Governments seem to be buying this view. The FDA has officially barred importation of e-cigarettes. "These appear to be unapproved drug device products," a spokeswoman tells the Times, "and as unapproved products they can't enter the United States." Australia and Hong Kong have also prohibited the devices.
That's a pretty awkward position. We restricted smoking, tobacco sales, and advertising based on decades of evidence that smoking was harmful to smokers and bystanders. Now we're treating electronic cigarettes the same way based on ... what? That "nobody knows" how bad they might be? The elements of smoking that justified our war on tobacco—carcinogens, combustion, secondhand smoke, even nicotine—have been removed or made optional. Is it really logical to ignore these differences?
And why should we presume that vaping is as dangerous as smoking, when research on vaporized marijuana suggests the opposite? Here are two such reports quoted last week in the Human Nature blog. First, a 2007 paper in Clinical Pharmacology & Therapeutics:
Whereas smoking marijuana increased CO [carbon monoxide] levels as expected for inhalation of a combustion product, there was little if any increase in CO after inhalation of THC from the vaporizer. This indicates little or no exposure to gaseous combustion toxins. Combustion products are harmful to health and reflect a major concern about the use of marijuana cigarettes for medical therapy as expressed by the Institute of Medicine.

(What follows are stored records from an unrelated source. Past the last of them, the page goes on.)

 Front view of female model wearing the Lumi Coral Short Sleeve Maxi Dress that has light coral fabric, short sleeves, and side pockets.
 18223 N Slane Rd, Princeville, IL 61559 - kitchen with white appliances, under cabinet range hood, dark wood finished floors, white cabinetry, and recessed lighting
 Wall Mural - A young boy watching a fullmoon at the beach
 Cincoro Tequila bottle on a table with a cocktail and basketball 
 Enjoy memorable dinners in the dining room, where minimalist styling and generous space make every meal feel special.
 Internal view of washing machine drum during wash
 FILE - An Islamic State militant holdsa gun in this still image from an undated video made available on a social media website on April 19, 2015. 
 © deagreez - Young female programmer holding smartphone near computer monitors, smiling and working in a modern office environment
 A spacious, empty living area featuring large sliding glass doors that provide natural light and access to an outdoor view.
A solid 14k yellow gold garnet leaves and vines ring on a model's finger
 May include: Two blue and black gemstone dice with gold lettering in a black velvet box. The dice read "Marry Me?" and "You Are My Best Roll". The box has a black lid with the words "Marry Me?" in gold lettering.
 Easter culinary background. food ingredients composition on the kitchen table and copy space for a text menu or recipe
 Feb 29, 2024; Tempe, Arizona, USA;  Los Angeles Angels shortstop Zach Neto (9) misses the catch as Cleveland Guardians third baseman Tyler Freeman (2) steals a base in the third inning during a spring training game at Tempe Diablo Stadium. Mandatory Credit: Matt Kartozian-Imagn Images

And second, a 2007 study in the Harm Reduction Journal, which found
that respiratory symptoms like cough, phlegm, and tightness in the chest increase with cigarette use and cannabis use, but are less severe among users of a vaporizer. ... The odds ratio suggests that vaporizer users are only 40% as likely to report respiratory symptoms as users who do not vaporize, even when age, sex, cigarette use, and amount of cannabis consumed are controlled.
Let's be blunt about what's going on here. We tolerated smoking until science proved it was harmful to nonsmokers. As momentum grew, the war on smoking became cultural, with disapproval and ostracism of anyone who lit up. Electronic cigarettes have removed the war's scientific basis, but our cultural revulsion persists. Therefore, so does our prohibition and condemnation.
Maybe what we need is a convergence of the tobacco debate with the marijuana debate. In each case, vaporization is dissolving the categories and grounds that warranted prohibition. Liberals can see this, but only in the case of pot. Conservatives can see it, but only in the case of tobacco. Go talk to one another. The engineering and re-engineering of drugs will only get more complicated as technology improves. We'd better start thinking rationally about it.